Clarke has kept notorious criminals including "Unabomber" Ted Kaczynski off of death row. On Friday, her winning streak may have ended.
Judy Clarke (R), defense attorney for Boston Marathon bomber Dzhokhar Tsarnaev, walks out of the federal courthouse in Boston, Mass. on May 15, 2015. (Photo by Brian Snyder/Reuters)
Judy Clarke (R), defense attorney for Boston Marathon bomber Dzhokhar Tsarnaev, walks out of the federal courthouse in Boston, Mass. on May 15, 2015. 

Judy Clarke's perfect record suddenly has a stain.

Banking on convicted Boston Marathon bomber Dzhokhar Tsarnaev's life being spared by a federal jury seemed like a safe bet. After all, his defense attorney has managed to keep some of America's most notorious criminals off of death row. But on Friday, even Clarke couldn't protect her client from being sentenced to what she calls "legalized homicide.”

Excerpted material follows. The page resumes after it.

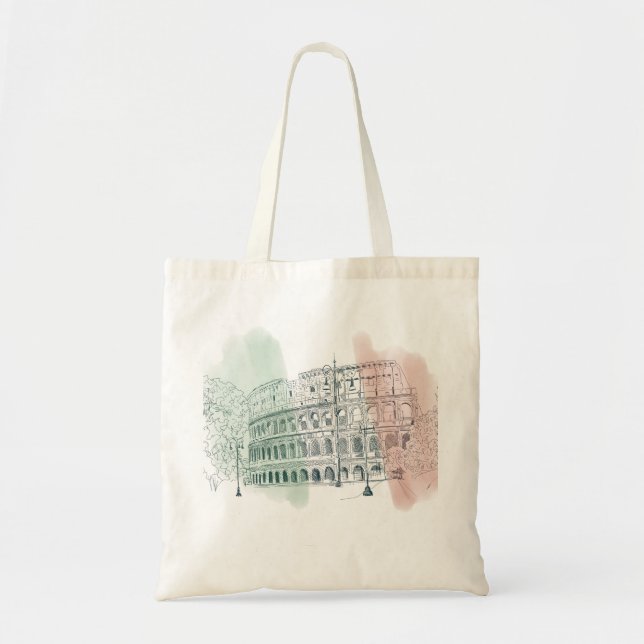 Roman Colosseum Italian Flag Colours Sketch Tote Bag (Front)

Clarke is one of America's fiercest anti-death penalty champions. Besides Tsarnaev, she has represented the likes of "Unabomber" Ted Kaczynski and "Olympic Park Bomber" Eric Rudolph. And despite their high-profile crimes and the public outrage they garnered, Clarke managed to convince the authorities in their respective cases to spare her clients' lives. Kaczynski was sentenced to life in prison without the possibility of parole and Rudolph received four consecutive life terms. Both are living out their days at a federal supermax prison in Florence, Colorado.

In fact, thus far, none of Clarke's clients has been executed. Not Susan Smith, who in 1994 murdered her two young sons. Not even Jared Lee Loughner, who in 2011 shot and severely injured former U.S. Rep. Gabrielle Giffords.

RELATED: Dzhokhar Tsarnaev sentenced to death for Boston Marathon bombing

But Friday's announcement that a federal jury sentenced Tsarnaev to death signaled that Clarke's winning streak may be over.

Her strategy in the Tsarnaev trial mimicked one Clarke has used successfully time and again. By "insisting that judges and juries and prosecutors see the larger picture, weighing not just the crime but the whole person," Clarke persuades the powers that be that her clients do not deserve to die at the hands of the state. As Vanity Fair contributor Mark Bowden explains, "[Clarke] seeks not forgiveness but understanding. It takes only a small spark of it to decide against sentencing someone to death." The 12 Tsarnaev jurors needed to reach a unanimous decision to hand down the death penalty. Of the 30 counts against him, 17 carried the possibility of death.

Whether Clarke's stained record eventually comes clean depends on the outcome of her all-but-certain appeal of Friday's decision -- a process that could take a decade or more to complete. But given Clarke's propensity for beating the odds, it remains squarely within the realm of possibility.